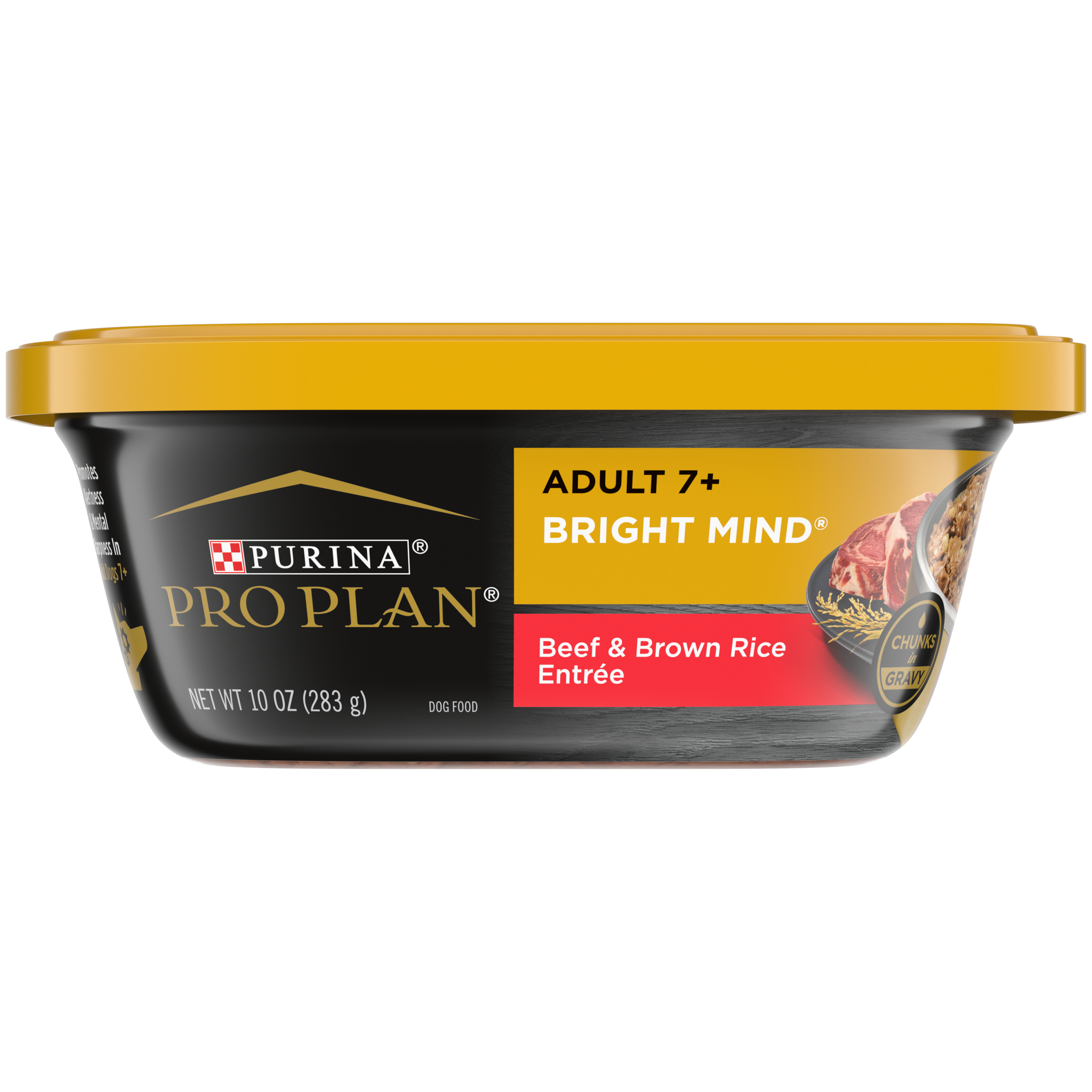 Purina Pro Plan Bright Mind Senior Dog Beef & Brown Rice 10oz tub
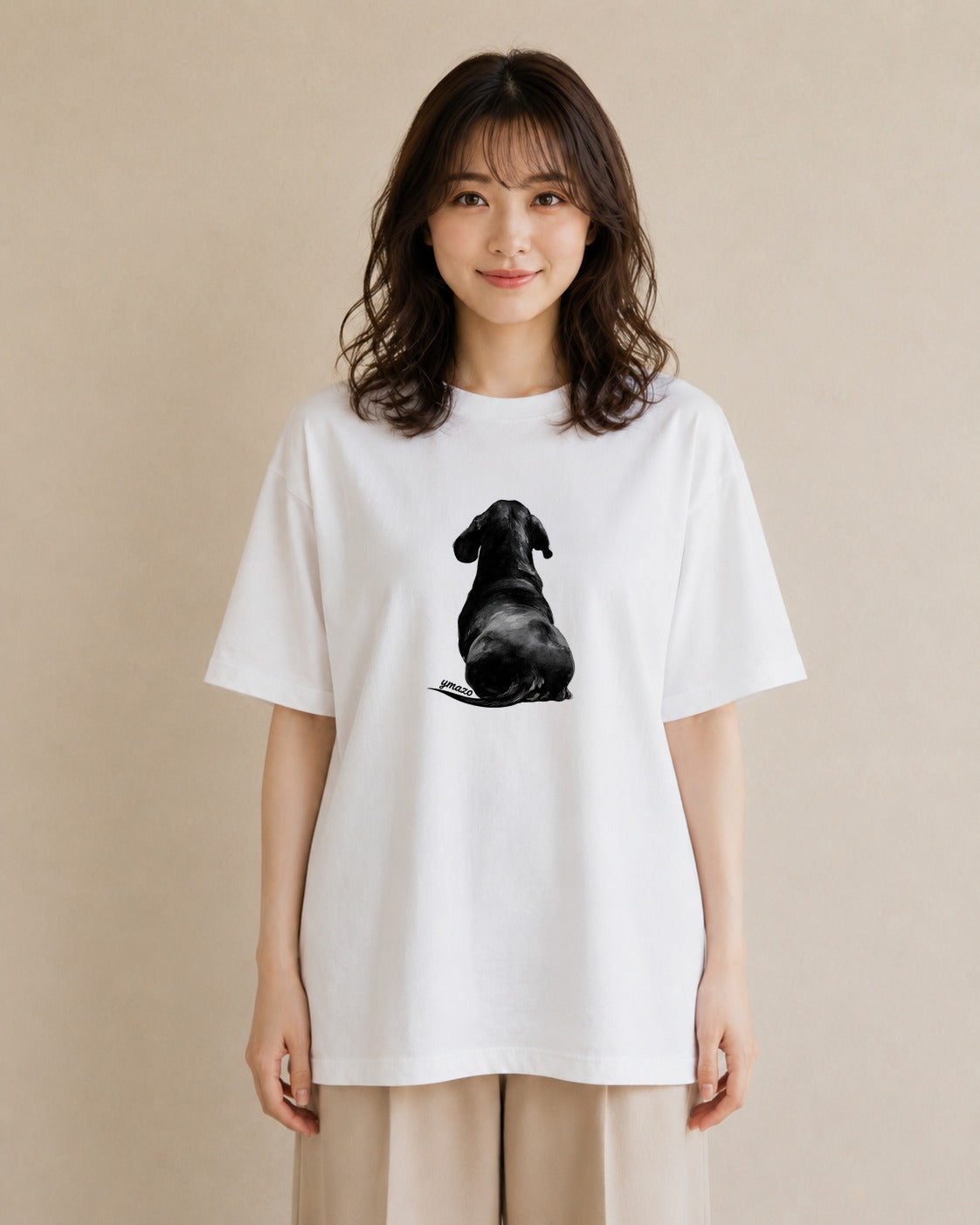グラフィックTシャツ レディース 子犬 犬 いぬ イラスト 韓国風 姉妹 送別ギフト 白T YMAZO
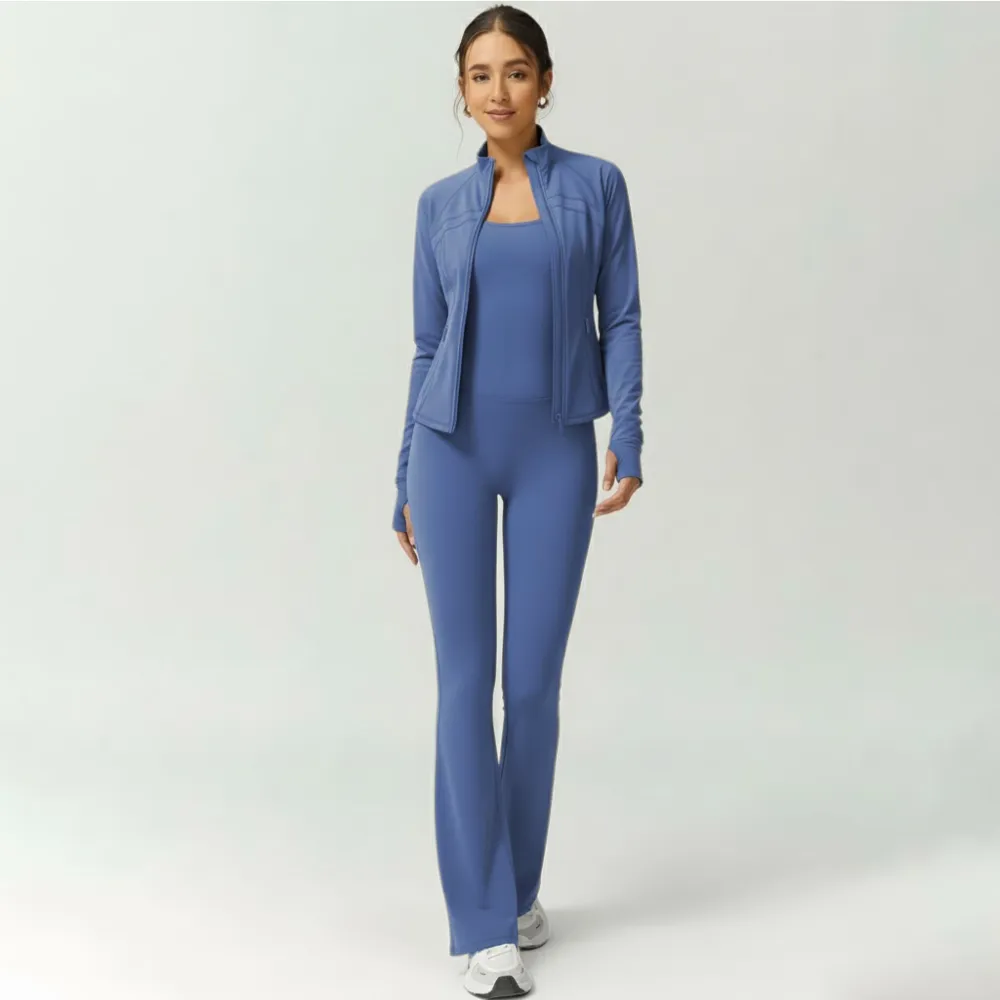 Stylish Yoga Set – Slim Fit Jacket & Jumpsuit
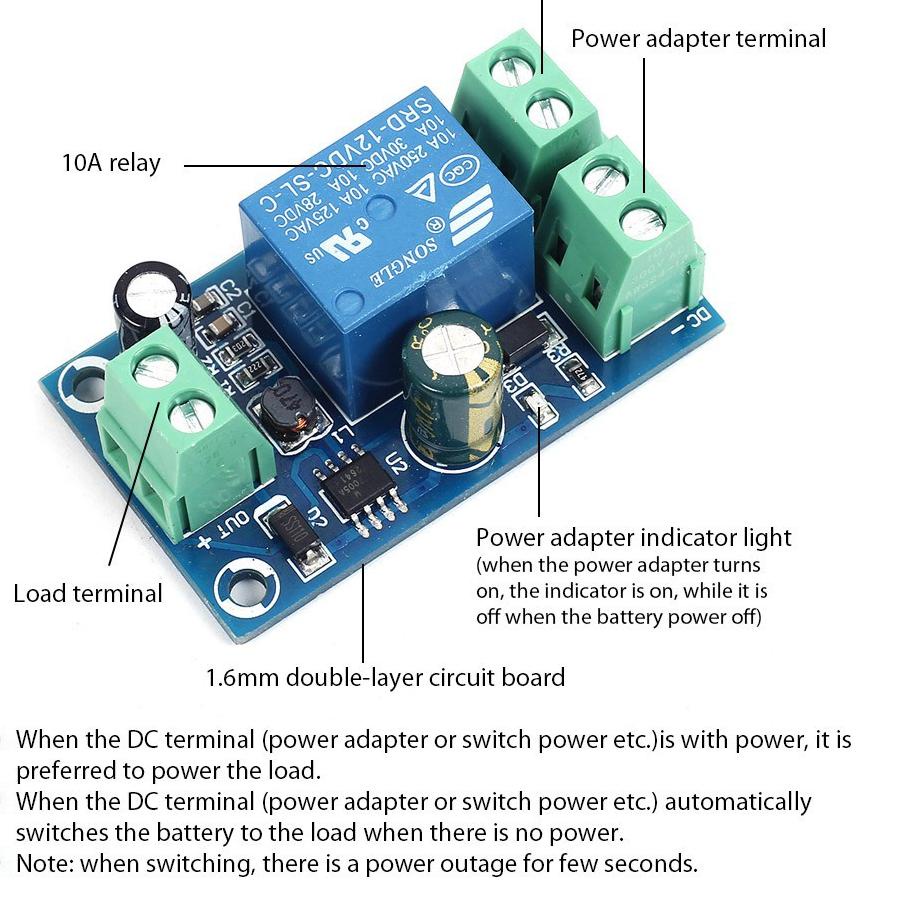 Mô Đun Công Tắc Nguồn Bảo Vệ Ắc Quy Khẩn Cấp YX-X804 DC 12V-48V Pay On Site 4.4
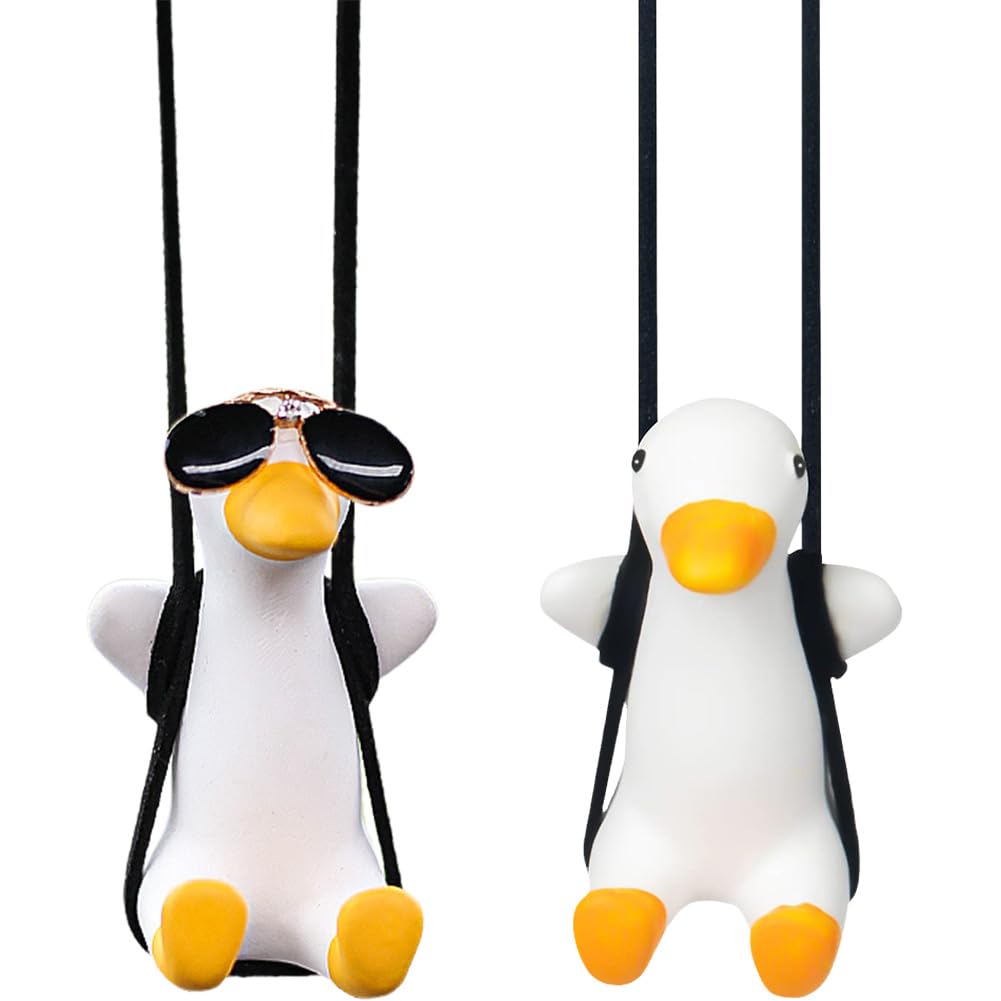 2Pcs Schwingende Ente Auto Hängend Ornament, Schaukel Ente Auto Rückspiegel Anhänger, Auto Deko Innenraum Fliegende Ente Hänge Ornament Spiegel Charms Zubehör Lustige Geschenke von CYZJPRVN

> _ASSIGNMENT_: Before copying the data, remove the pictures. Then repeat the rest exactly.

> _RESULT OF THIS EXERCISE_:
 Purina Pro Plan Bright Mind Senior Dog Beef & Brown Rice 10oz tub
グラフィックTシャツ レディース 子犬 犬 いぬ イラスト 韓国風 姉妹 送別ギフト 白T YMAZO
 Stylish Yoga Set – Slim Fit Jacket & Jumpsuit
 Mô Đun Công Tắc Nguồn Bảo Vệ Ắc Quy Khẩn Cấp YX-X804 DC 12V-48V Pay On Site 4.4
 2Pcs Schwingende Ente Auto Hängend Ornament, Schaukel Ente Auto Rückspiegel Anhänger, Auto Deko Innenraum Fliegende Ente Hänge Ornament Spiegel Charms Zubehör Lustige Geschenke von CYZJPRVN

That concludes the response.